Baião de dois (/Central Northeastern Portuguese pronunciation: [bajˈɐ̃w ˈdi ˈdojs]/) is a dish originating from the Brazilian state of Ceará, typical of the Northeast Region and parts of the North Region, such as Rondônia, Acre, Amazonas and Pará. It consists of a preparation of rice and beans, preferably Brazilian beans such as "feijão verde" or "feijão novo". It is common to add queijo coalho. Dried meat is not added in Ceará. In Paraíba and in Pernambuco, there is a variant called rubacão, a dish that is very popular in the Sertão.

== Etymology ==
The origin of the name baião de dois is related to baião, a music and dance style typical of the Northeast Region, with the number 2 (dois) referring to the combination forming the base of the dish: rice and beans. The term gained popularity with the song Baião de Dois, a partnership between the composer from Ceará, Humberto Teixeira, with the "Rei do Baião", from Pernambuco, Luiz Gonzaga, in the mid 20th century.

The cearense origin of the delicacy is attested by the folklorist Câmara Cascudo, citing a reference from 1940, Liceu Cearense, by Gustavo Barroso.

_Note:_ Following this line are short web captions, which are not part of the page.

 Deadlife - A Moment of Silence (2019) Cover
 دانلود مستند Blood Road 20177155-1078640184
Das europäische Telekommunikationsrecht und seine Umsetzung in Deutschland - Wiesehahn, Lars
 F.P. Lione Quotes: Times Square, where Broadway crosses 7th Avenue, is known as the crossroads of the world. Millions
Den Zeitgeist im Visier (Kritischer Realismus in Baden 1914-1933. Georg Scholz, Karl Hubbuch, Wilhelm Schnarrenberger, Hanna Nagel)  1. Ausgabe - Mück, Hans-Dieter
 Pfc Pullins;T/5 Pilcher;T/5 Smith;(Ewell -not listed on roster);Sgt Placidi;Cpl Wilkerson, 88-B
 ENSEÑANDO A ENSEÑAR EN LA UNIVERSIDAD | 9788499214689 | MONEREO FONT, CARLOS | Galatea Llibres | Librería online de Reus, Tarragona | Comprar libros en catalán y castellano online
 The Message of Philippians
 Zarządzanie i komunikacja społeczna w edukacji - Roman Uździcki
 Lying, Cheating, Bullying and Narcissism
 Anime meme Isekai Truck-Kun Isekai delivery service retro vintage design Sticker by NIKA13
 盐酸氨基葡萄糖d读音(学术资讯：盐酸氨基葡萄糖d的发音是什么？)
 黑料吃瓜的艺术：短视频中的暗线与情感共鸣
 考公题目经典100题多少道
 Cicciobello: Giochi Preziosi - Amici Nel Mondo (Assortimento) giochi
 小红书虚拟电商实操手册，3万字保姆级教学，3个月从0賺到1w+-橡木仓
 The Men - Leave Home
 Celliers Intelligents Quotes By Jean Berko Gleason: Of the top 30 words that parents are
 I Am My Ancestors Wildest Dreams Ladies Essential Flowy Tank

Baião, being a mixture of two elements of Brazilian cuisine appreciated and easily accessible, rice and beans, is very common in rural areas. It is commonly made mainly at night so that the rest of the baked beans can be used during the day.

== Preparation methods ==
The rice is cooked with the beans, with the broth already developed, along with other ingredients such as onion, tomato, pepper and spices: coriander and chives. Cheese and cream are also usually added.

== Dominican moro ==

In the Dominican Republic there is a similar dish, called moro, which is also prepared by cooking rice and beans together. Other Latin American countries have similar dishes of rice cooked with beans, such as Moros y Cristianos in Cuba, and arroz con gandules in Puerto Rico.